Brady treated the police department's Anonymous Tipster phone line as his personal toy. This was a special feature which allowed him to safely lie about others. He encouraged his buddies and his wife's churchy friends to "report" neighbors who seemed eccentric, or different, or whom they just had never liked. He himself reported women he'd pursued, unknown to his wife, who rejected him.
The police do not like being treated like fools. And they don't forgive.
Since Brady was underemployed and had plenty of time on his hands, he followed women who were jogging or biking. He leered at them and took pictures of them with his camera phone. Did anyone call the cops? Nope. In those days you were supposed to just ignore a creep.
Some of the more troubled people in the area copied him. One man, a psychiatrist, trained his toddler son to shout abuse at longtime residents the psychiatrist couldn't get along with.
A teenage pothead harassed married women.
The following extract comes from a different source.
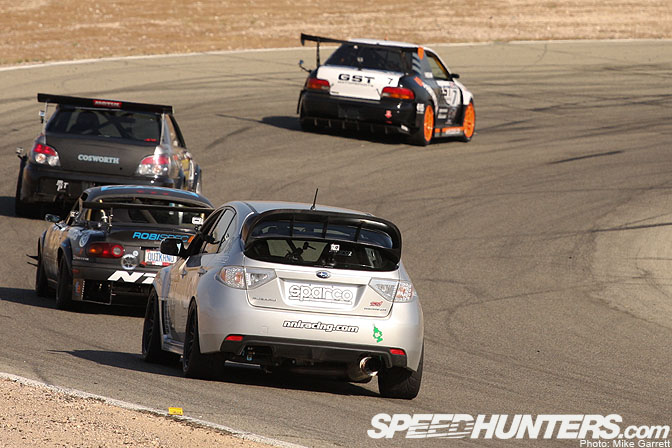 Event>>redline Willow Springs: The Winners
His mother was told, and refused to believe her darling baby boy could ever have done anything naughty. "Good luck provin' it," she sneered, ambling away. She never forgave his victims for daring to speak up.
A person who was infatuated with a police officer fluffed up the #NonCase as an excuse to stay in touch. She also fiddled with malware.
A very ancient, very demented church member, who went to Mass every day, would stand on the sidewalk after this holy hour and shriek obscenities at her "enemies."
Praised by church ladies, hopped up on delusions of power, Mister Felonious Malicious Harassment went further. He urged his followers to follow and berate people who questioned him. He boasted about using a radio scanner, invading email accounts and forging messages, installing tracking devices in cars. He also "helpfully" warned local businesses to be watchful of certain residents he thought must be guilty of something or other.
Slander is a serious crime, a felony. Residents discussed taking legal action against him. Within a week, he and his wife moved away. Brady may have been a malicious nut, but he was smart enough to stay gone. And yet, that was not completely the end of him.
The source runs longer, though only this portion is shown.